* Working data *
══════════
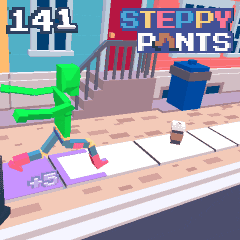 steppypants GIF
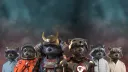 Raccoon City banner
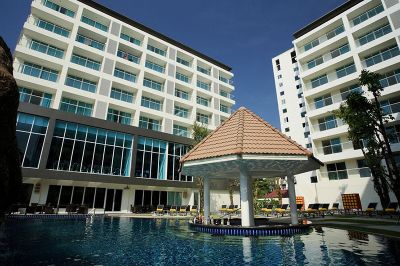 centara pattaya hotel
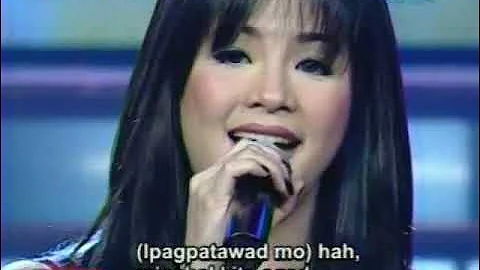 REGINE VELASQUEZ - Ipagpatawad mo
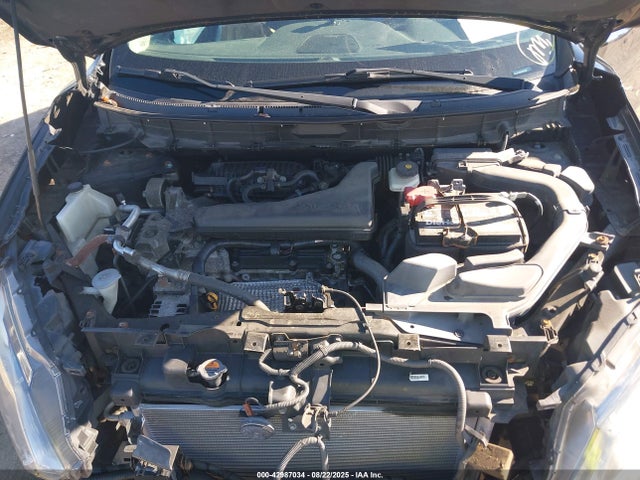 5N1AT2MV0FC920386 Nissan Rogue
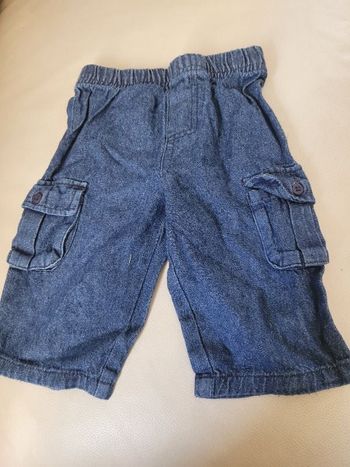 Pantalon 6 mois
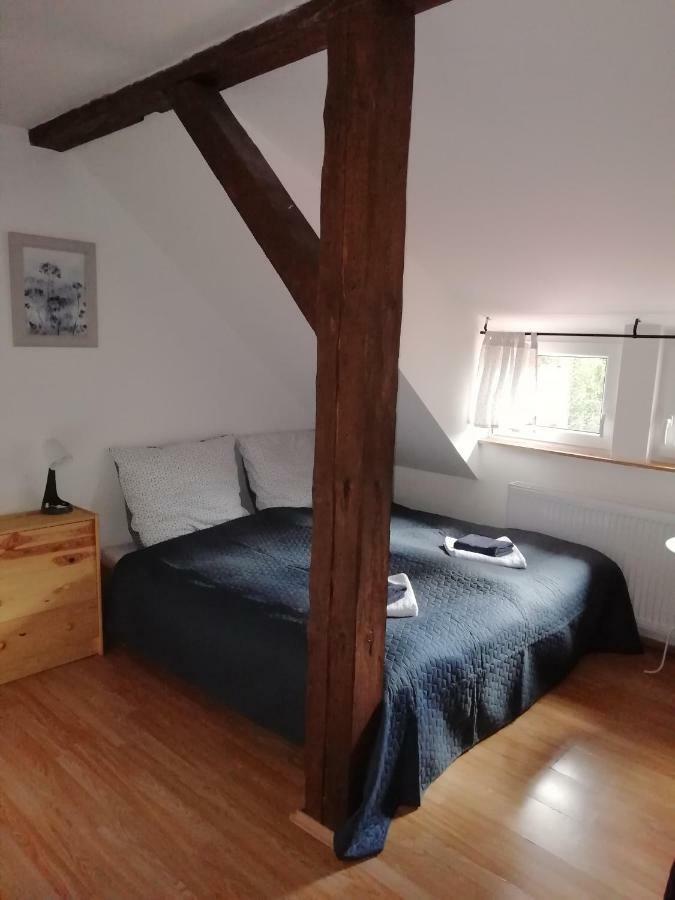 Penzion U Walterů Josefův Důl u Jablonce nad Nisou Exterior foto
══════════
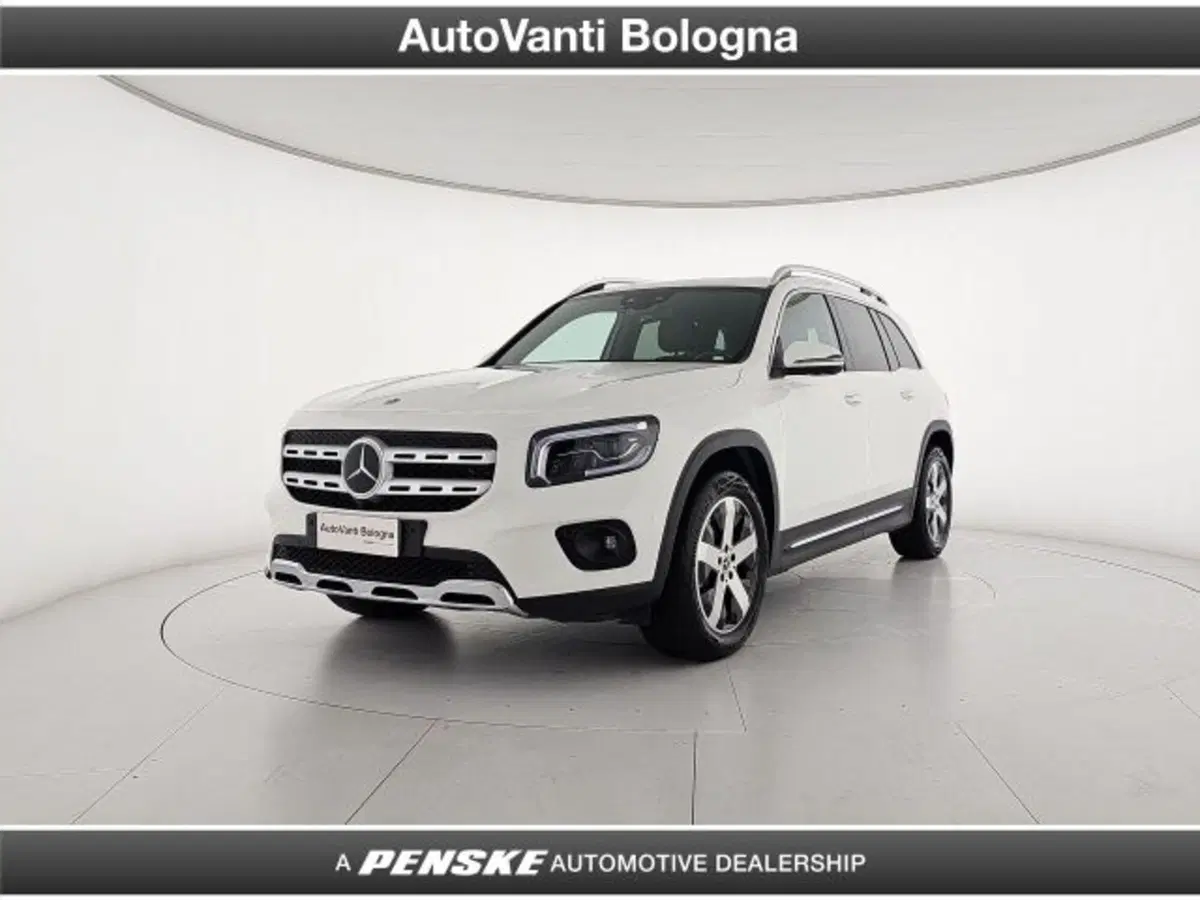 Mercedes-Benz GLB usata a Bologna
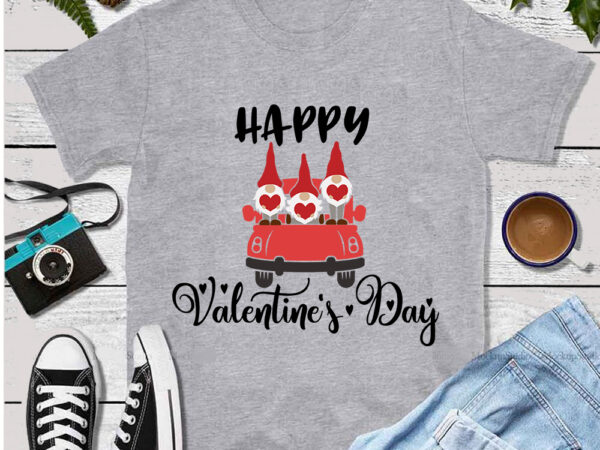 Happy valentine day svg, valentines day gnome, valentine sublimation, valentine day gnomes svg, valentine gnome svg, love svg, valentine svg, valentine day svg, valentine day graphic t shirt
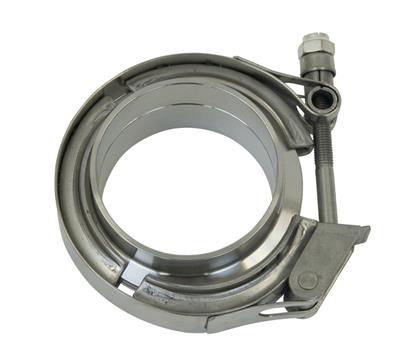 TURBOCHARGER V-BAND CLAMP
══════════
* Aim of the task *
For the data above, set down exactly the lines from the line with "Happy valentine day" to the line with "TURBOCHARGER V-BAND CLAMP", both included, leaving pictures out.

* Answer box *
 Happy valentine day svg, valentines day gnome, valentine sublimation, valentine day gnomes svg, valentine gnome svg, love svg, valentine svg, valentine day svg, valentine day graphic t shirt
 TURBOCHARGER V-BAND CLAMP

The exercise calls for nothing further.